• **Stored data**
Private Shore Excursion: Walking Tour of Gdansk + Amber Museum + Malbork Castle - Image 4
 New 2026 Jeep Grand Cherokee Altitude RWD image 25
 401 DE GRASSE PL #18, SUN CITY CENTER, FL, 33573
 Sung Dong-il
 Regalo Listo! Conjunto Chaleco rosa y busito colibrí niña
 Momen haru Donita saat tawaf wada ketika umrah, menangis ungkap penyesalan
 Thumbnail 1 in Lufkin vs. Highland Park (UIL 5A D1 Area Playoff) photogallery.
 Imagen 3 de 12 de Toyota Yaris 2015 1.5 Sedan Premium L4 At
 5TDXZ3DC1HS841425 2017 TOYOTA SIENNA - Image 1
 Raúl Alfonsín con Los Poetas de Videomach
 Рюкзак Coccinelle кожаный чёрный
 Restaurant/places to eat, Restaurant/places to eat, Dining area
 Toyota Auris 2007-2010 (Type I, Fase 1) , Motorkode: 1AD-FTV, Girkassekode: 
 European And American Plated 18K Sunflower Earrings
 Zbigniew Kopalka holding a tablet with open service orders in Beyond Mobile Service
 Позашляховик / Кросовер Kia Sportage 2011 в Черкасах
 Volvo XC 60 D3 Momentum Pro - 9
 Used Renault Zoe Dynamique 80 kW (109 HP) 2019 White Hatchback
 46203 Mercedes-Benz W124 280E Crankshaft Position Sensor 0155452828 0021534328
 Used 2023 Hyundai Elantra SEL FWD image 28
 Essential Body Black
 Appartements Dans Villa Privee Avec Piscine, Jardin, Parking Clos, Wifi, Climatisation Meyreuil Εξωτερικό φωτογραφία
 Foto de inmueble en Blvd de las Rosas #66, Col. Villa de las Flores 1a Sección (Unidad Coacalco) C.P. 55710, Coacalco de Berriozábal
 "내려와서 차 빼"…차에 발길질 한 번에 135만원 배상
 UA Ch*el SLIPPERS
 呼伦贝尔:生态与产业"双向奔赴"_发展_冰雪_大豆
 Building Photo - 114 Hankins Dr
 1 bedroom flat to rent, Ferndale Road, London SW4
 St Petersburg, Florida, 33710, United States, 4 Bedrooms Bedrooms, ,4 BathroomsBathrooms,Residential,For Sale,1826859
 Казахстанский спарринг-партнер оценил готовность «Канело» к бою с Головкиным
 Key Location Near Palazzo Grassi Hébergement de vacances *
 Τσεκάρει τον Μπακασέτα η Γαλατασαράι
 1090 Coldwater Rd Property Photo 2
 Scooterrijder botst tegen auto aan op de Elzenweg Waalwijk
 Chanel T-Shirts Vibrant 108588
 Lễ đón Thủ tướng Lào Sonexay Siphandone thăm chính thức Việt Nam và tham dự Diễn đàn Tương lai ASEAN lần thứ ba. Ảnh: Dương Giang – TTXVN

• **Task description**
All that belongs in the answer is the run of lines above from the line containing "New 2026 Jeep" through the line containing "Raúl Alfonsín con Los Poetas de Videomach", exactly as written.

• **Problem solution**
 New 2026 Jeep Grand Cherokee Altitude RWD image 25
 401 DE GRASSE PL #18, SUN CITY CENTER, FL, 33573
 Sung Dong-il
 Regalo Listo! Conjunto Chaleco rosa y busito colibrí niña
 Momen haru Donita saat tawaf wada ketika umrah, menangis ungkap penyesalan
 Thumbnail 1 in Lufkin vs. Highland Park (UIL 5A D1 Area Playoff) photogallery.
 Imagen 3 de 12 de Toyota Yaris 2015 1.5 Sedan Premium L4 At
 5TDXZ3DC1HS841425 2017 TOYOTA SIENNA - Image 1
 Raúl Alfonsín con Los Poetas de Videomach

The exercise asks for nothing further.